On the other hand, when the amount of tar pitch added exceeds 10 parts by 
weight, the green compact has a lowered density, thermal decomposition of 
the tar pitch requires a long time and its productivity for the sintered 
article is inferior, so that such a large addition amount is not 
preferred. 
In the present invention, the definite amount of a silicon carbide powder 
and the above-mentioned amounts of a boron compound, a tar pitch and 
silicon powder are mixed uniformly using an organic solvent such as 
benzene, quinoline, anthracene, or the like or water and than the 
resulting mixture is shaped by a known slip coating method, or the 
resulting mixture is spray dried to obtain the mixture granules, which are 
then press-molded into an objective article by a known method. As the 
other molding method, the starting materials comprising a silicon carbide 
powder, a boron compound, a tar pitch and silicon powder are admixed 
uniformly with an organic binder or water and then the admixture is mold 
into a shaped article by a known extrusion molding, injection molding or 
the like. If desired, the thus shaped article is subjected to machine or 
to treat the removal of binder. As regards the sintering conditions, the 
shaped article to a desired form is sintered in an inert atmosphere such 
as argon, helium, nitrogen or the like at a temperature of from 
1900.degree. to 2300.degree. C. for a period of time from 10 minutes to 10 
hours. When the sintering temperature is lower than 1900.degree. C., the 
resulting sintered article has a low sintered density, and when the 
sintering temperature exceeds 2300.degree. C., the evaporation of silicon 
carbide and the coarse growth of crystal grains occurs and the resulting 
sintered article has low mechanical strength, so that such a high 
sintering temperature is not preferred. 
It is not fully understood the reason that according to the present 
invention it is possible to obtain a sintered article having a high 
sintered density and excellent mechanical strength. However, as a result 
of investigating of sintered articles for analytical experiments, it has 
been found that using of the tar pitch as the densification aid in the 
present invention restrains the growth of crystal grains of silicon 
carbide and has a markedly excellent effect of removing the oxide layer on 
the surface of a shaped article when a green shaped article is calcined at 
a temperature of 1200.degree. C. or higher. As the result, the sintering 
takes effect in the presence of smaller amount of boron as densification 
aids than that in the conventional method when the shaped article of 
silicon carbide is sintered in a sintering temperature of 1900.degree. C. 
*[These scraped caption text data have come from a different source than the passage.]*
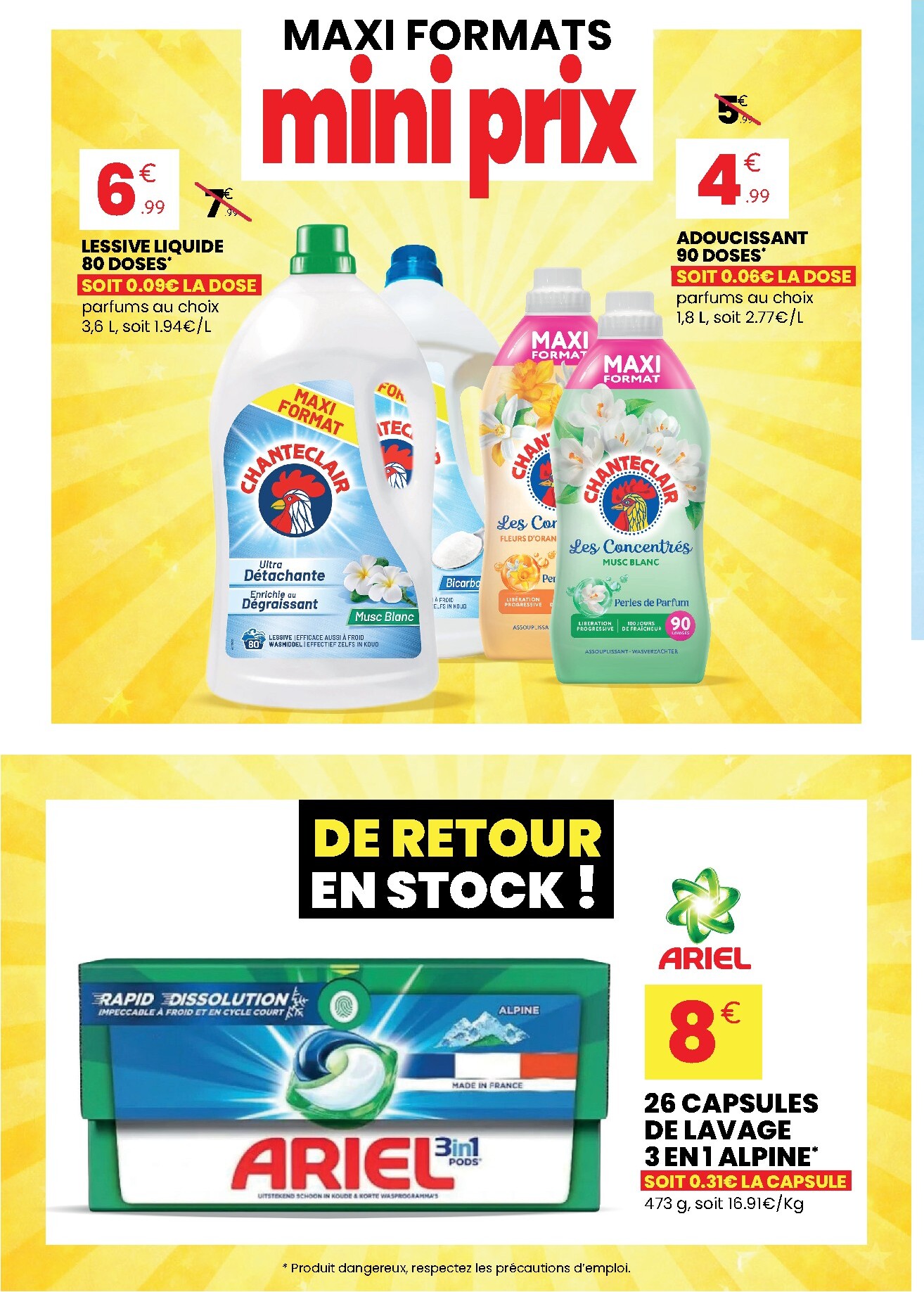 stokomani - Catalogue Stokomani valable du 25/02/2026 au 08/03/2026 - page: 8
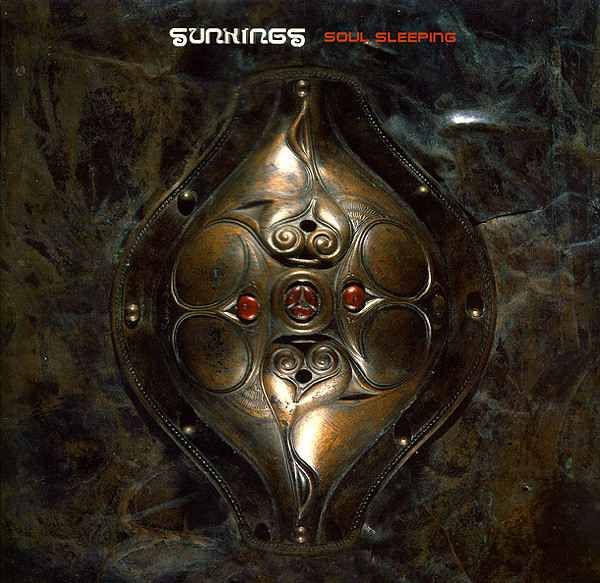 Sunkings - Soul Sleeping | Blue Room Released (BR044LP)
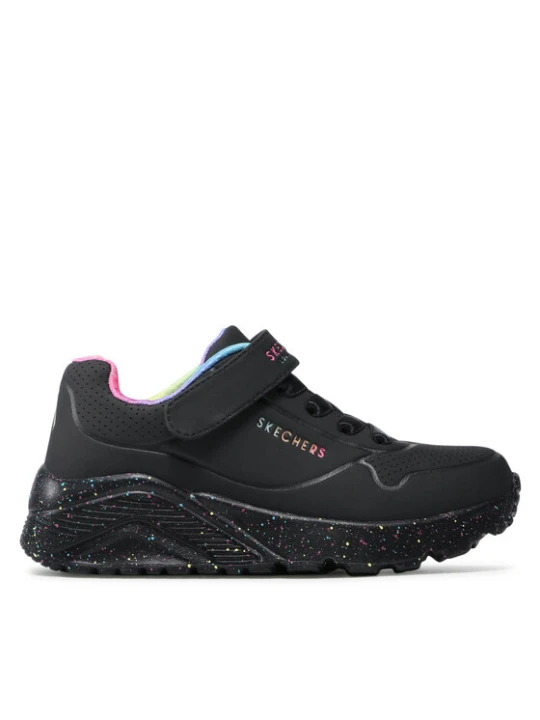 Zdjęcie produktu Sneakersy Skechers Rainbow Specks 310457L / BKMT Czarny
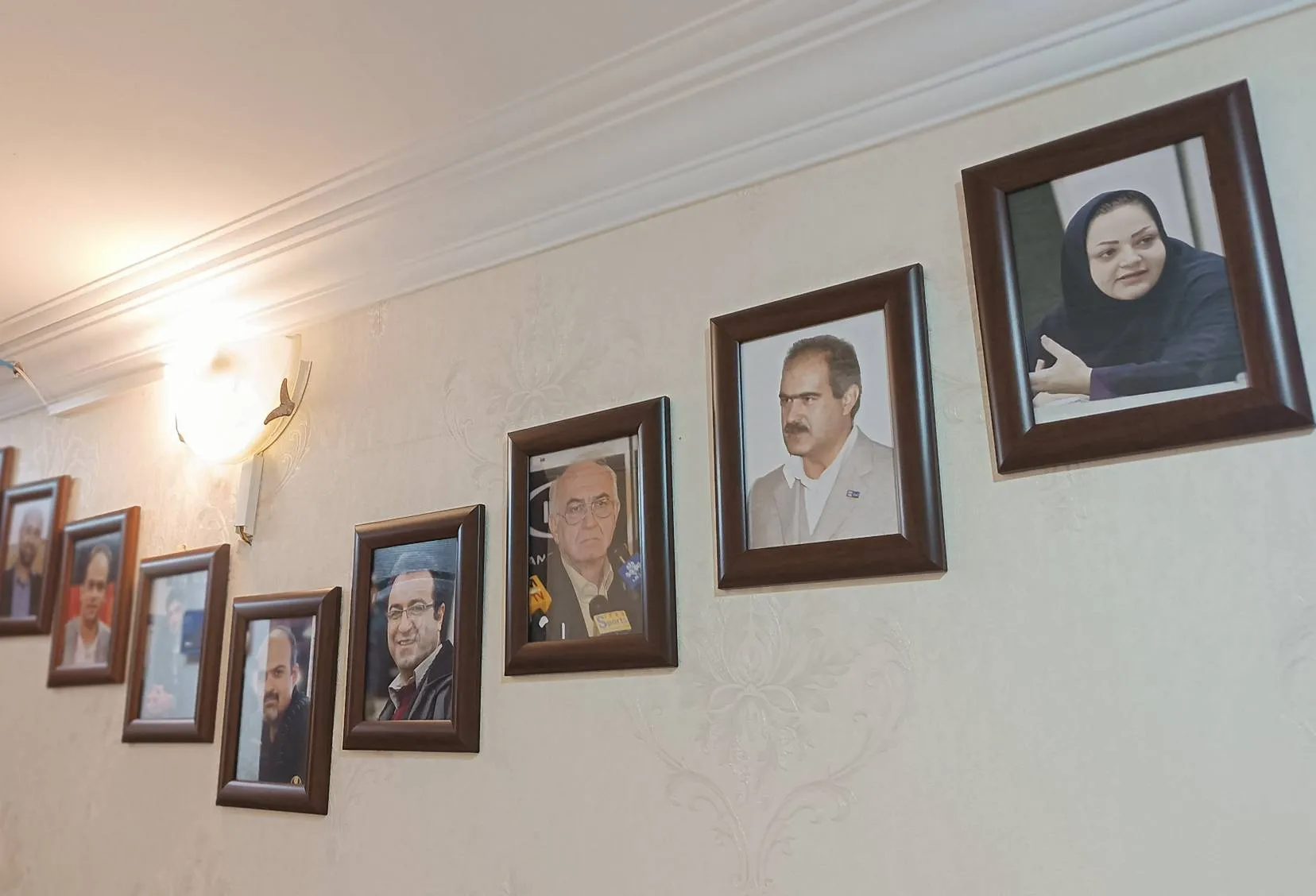 شهرام وزیری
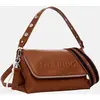 Desigual, Damen, Handtasche, schultertasche half venecia 3.0, Braun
or higher. Further, the addition of silicon powder as the densification 
aid in the invention restrains the decomposition and evaporation of 
silicon carbide caused by the surface diffusion and vapor phase diffusion 
of silicon component of silicon carbide on particle surfaces when grains 
of silicon carbide grow are restrained by the presence of silicon powder. 
As a result, a high-density sintered article can be prepared without a 
lowering in its mechanical strength even in the presence of a reduced 
amount of tar pitch. 
In the above, according to the present invention thus described in detail, 
it has become possible to produce a high-density, high-strength sintered 
silicon carbide article having a sintered density of at least 90%, 
preferably 95% or more of the theoretical density of the sintered article 
and mechanical strength (bending strength) of 50 kg/mm.sup.2 or higher by 
using a tar pitch, a boron compound and silicon powder in the specified 
amounts as densification aids. 
Thus, the present invention has great industrial significance as a method 
for manufacturing an industrially mechanical parts such as turbine blade, 
pump and the like. 
The present invention is further described in detail below according to an 
example, which is not, however, limitative of the present invention.

EXAMPLE 1 
After 6 g of coal tar pitch (having a carbon yield of 45% by weight after 
being carbonized) was dissolved in 9 g of quinoline, 200 g of benzene was 
added to the solution and mixed sufficiently. To the resulting solution, 
100 g of .alpha.-phase silicon carbide having a silicon carbide content of 
96% by weight and a BET specific surface area of 9 m.sup.2 /g, 0.15 g of 
boron carbide powder passing through 1200 mesh and 0.5 g of silicon powder 
having an average particle size of 3 microns were added and the mixture 
was mixed for 3 hours using a plastics ball mill. The resulting mixture 
was dried at 60.degree. C. in a nitrogen gas stream, and then after the 
dried powder was pulverized, it was sieved using a 180 mesh screen. After 
the resulting pulverized mixed powder was cold pressed, it was charged 
into a rubber mold and then subjected to hydrostatic pressure press 
compacting under compacting pressure of 2 tons/cm.sup.2 to prepare a 
green shaped article having dimensions of 50.times.30.times.4 mm. The 
pressed compact had a bulk density of 1.7 g/cm.sup.3. 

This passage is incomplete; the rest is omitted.